One crucial aspect of an autotiering system that must be understood is the frequency with which the system analyses incoming data requests and the period of time before the system starts to migrate data between the various tiers based on the results the data analysis.

Many systems perform their data migration as a batch process, which takes place several hours after the data monitored during the analysis stage has been served to the requesting users and/or applications. Systems operating in this manner result in moving historical data between the various storage tiers, which in most cases, serve no benefit to the end user in terms of improved performance or in efficient use of their investment in Flash/SSD technology.
In this scenario data which was in high demand historically is moved onto Flash/SSD at a later stage when it may no longer be in-demand and therefore no longer in need of Flash/SSD levels of performance. This form of tiering and batch migration process will only benefit applications which have a constant high demand on a particular data set as this will be moved into the high performance tier for increased performance.

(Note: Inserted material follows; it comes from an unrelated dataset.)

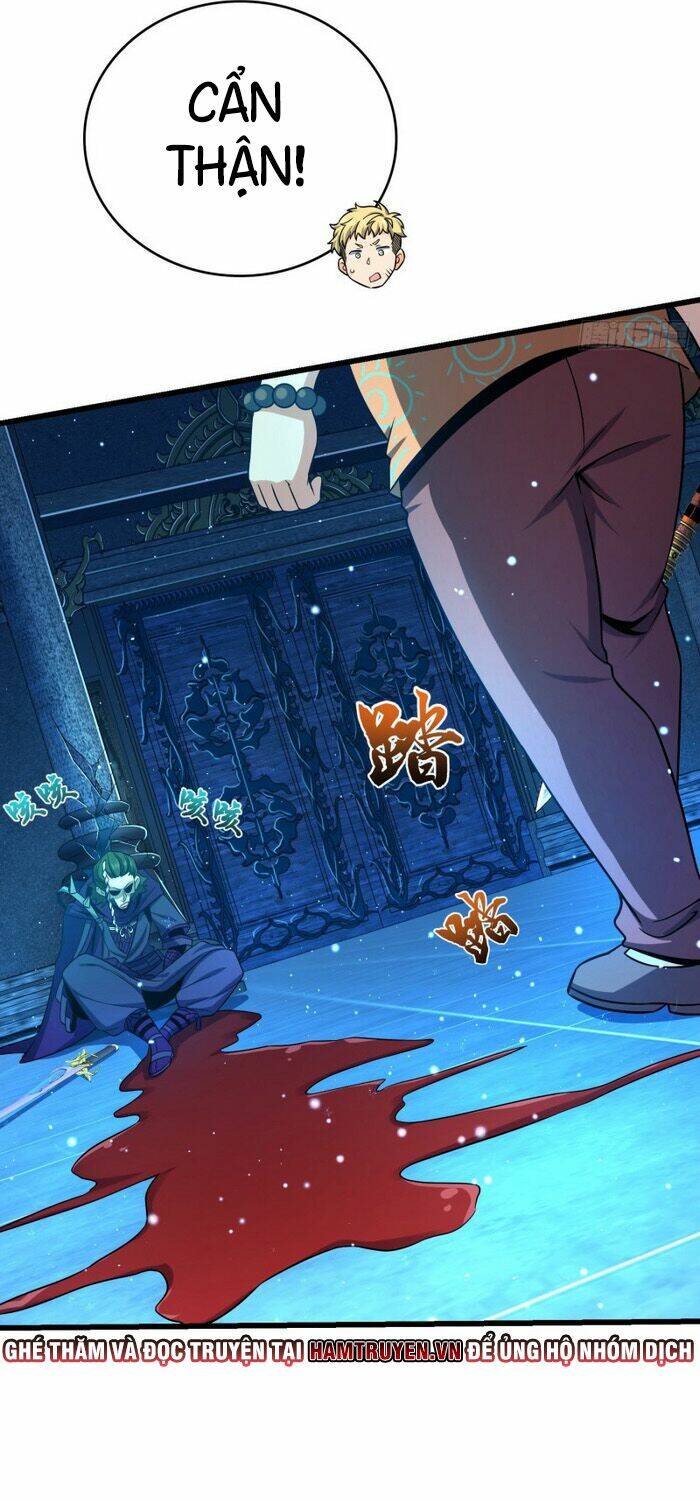 Đại Vương Tha Mạng Chapter 185 - Trang 2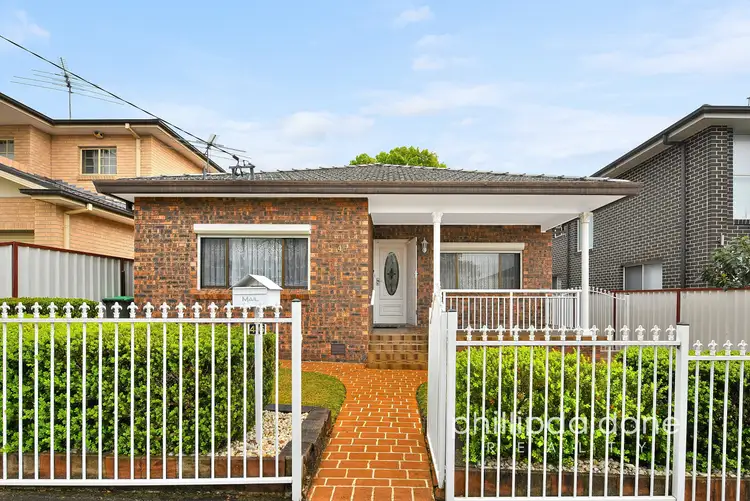 46 Seventh Avenue, Berala NSW 2141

Most real-world environments will have very dynamic data access patterns combining both machine generated workloads with data access derived from human activity which is compounded even more when applications are aggregated onto one or more servers running in a virtualised environment. For these typical modern-day dynamic environments it is vital that data analysis and migration are performed in as close to real-time as possible so that users can benefit immediately from the increased performance of Flash/SSD.

Conclusion
It is clear that Flash/SSD offers a solution to the bottleneck that traditional HDD based storage presents when faced with the demands of today’s powerful servers running multiple applications in a virtualised environment. The lowest latency and most rapid access to data can be achieved by moving the storage elements as close electronically to the CPU as possible, but as we have illustrated moving the storage from the inherently resilient SAN back into the server is not without pitfalls in terms of reliability and complexity.

For each potential application of Flash/SSD technology the user needs to evaluate the true level of performance required, the size of the data sets demanding such performance and whether or not the data sets in question will be the one and only sets demanding these levels of performance; or if the workload could shift dynamically over time. For certain applications such as specific database acceleration, then a server based or all-flash array solution may be the optimum choice.

For most general applications a hybrid solution utilising intelligent real-time autotiering will deliver the performance required for the data sets that demand high performance at the precise moment those demands are received. The challenge for the user is one of balancing performance, cost, complexity and reliability to determine the solution that best fits their data workload demands.